## REQUIRED ACTION:
The records below hold a stretch from the line with "A hand placing" through the line with "Skillet pork chops"; return exactly those lines, ends included, and nothing more.

AVAILABLE DATA START

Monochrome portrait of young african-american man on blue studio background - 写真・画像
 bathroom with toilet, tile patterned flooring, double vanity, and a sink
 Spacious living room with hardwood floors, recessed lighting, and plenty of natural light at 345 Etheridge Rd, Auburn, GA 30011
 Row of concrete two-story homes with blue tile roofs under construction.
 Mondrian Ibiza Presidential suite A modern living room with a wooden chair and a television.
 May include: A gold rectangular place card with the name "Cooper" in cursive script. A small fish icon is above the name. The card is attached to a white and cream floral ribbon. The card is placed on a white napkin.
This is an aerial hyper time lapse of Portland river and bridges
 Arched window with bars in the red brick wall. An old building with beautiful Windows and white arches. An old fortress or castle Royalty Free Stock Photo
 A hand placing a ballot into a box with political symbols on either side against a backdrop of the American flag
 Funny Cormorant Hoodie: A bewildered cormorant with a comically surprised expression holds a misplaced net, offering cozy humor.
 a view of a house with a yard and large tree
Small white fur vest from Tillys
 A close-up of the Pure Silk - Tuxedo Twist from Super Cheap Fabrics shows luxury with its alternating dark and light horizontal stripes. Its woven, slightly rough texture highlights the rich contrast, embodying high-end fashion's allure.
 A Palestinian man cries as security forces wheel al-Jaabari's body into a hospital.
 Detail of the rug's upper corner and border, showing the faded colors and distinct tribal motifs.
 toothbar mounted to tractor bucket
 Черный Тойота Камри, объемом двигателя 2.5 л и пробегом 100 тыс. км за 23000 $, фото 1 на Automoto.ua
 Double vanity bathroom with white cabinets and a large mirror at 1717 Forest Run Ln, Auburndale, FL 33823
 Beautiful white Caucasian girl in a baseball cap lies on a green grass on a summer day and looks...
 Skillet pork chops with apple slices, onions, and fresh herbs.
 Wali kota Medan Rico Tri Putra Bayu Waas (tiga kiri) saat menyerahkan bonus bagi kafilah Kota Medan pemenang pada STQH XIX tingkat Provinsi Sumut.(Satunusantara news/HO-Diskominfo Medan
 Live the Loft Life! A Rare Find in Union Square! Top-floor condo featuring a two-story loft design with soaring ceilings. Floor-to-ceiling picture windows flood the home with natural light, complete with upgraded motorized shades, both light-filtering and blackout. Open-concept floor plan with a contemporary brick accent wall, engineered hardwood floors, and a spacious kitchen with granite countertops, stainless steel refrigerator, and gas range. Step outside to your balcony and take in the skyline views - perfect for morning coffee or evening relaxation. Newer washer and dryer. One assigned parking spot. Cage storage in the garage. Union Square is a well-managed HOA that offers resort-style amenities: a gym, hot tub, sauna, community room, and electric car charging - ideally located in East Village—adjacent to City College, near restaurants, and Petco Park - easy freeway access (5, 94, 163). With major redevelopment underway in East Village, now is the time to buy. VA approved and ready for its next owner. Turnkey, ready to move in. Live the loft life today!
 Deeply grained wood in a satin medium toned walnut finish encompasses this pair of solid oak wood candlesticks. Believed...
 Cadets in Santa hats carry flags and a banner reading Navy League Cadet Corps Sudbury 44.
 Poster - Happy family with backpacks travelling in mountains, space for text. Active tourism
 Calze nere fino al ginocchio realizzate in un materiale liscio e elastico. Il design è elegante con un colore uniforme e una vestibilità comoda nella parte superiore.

AVAILABLE DATA END

## ANSWER BOX:
 A hand placing a ballot into a box with political symbols on either side against a backdrop of the American flag
 Funny Cormorant Hoodie: A bewildered cormorant with a comically surprised expression holds a misplaced net, offering cozy humor.
 a view of a house with a yard and large tree
Small white fur vest from Tillys
 A close-up of the Pure Silk - Tuxedo Twist from Super Cheap Fabrics shows luxury with its alternating dark and light horizontal stripes. Its woven, slightly rough texture highlights the rich contrast, embodying high-end fashion's allure.
 A Palestinian man cries as security forces wheel al-Jaabari's body into a hospital.
 Detail of the rug's upper corner and border, showing the faded colors and distinct tribal motifs.
 toothbar mounted to tractor bucket
 Черный Тойота Камри, объемом двигателя 2.5 л и пробегом 100 тыс. км за 23000 $, фото 1 на Automoto.ua
 Double vanity bathroom with white cabinets and a large mirror at 1717 Forest Run Ln, Auburndale, FL 33823
 Beautiful white Caucasian girl in a baseball cap lies on a green grass on a summer day and looks...
 Skillet pork chops with apple slices, onions, and fresh herbs.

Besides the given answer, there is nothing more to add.